Problem description:
Below are the records; copy exactly the stretch from the line containing "Waterfall & Pool" through the line containing "莲藕排骨汤的做法图解9", both ends included, and nothing else.
======== Extracted entries
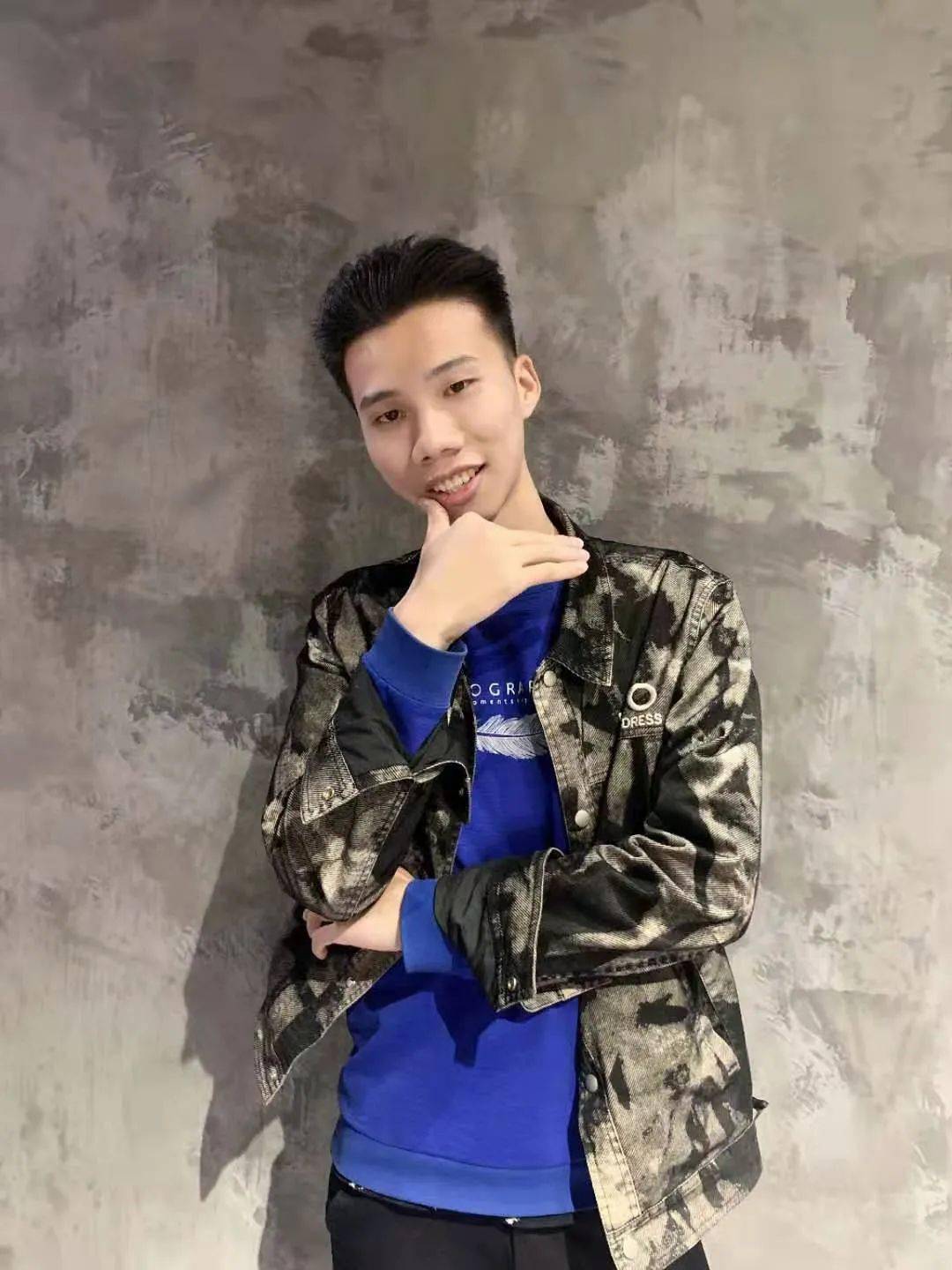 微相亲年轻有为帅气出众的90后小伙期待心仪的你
================
======== Extracted entries
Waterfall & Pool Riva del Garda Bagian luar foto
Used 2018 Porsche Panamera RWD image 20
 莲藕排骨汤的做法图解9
================
======== Extracted entries
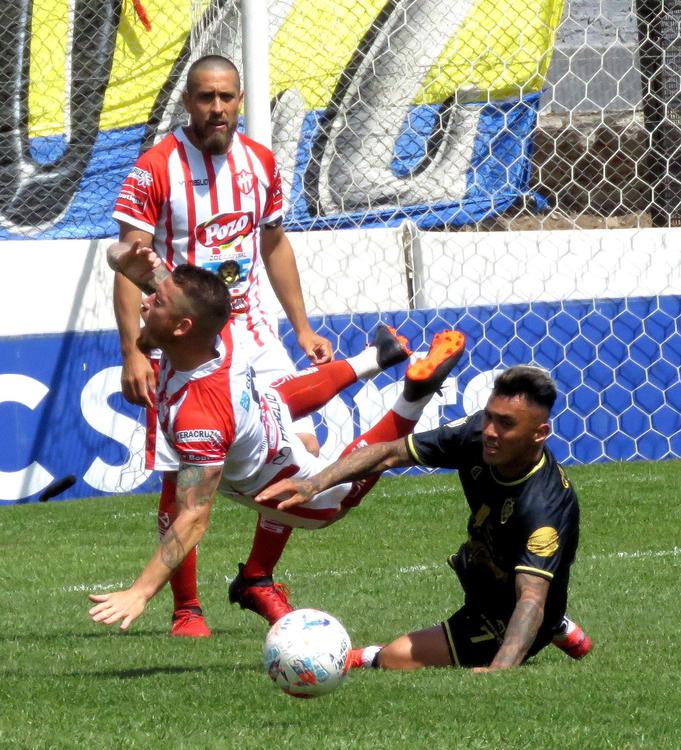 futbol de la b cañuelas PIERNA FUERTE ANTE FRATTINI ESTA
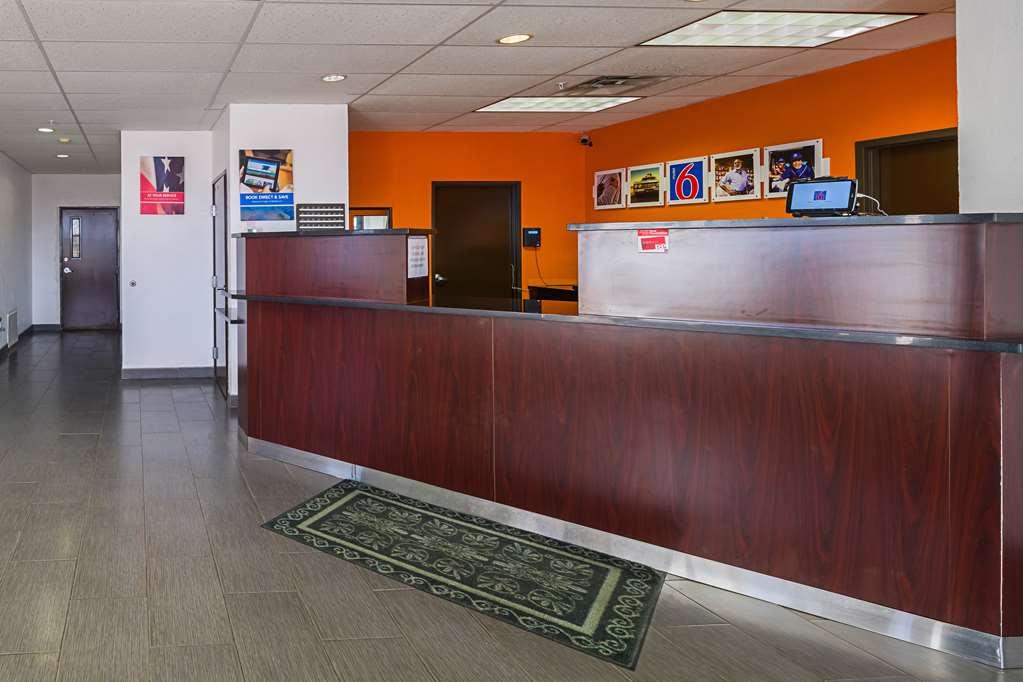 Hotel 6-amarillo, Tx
================
Output:
Waterfall & Pool Riva del Garda Bagian luar foto
Used 2018 Porsche Panamera RWD image 20
 莲藕排骨汤的做法图解9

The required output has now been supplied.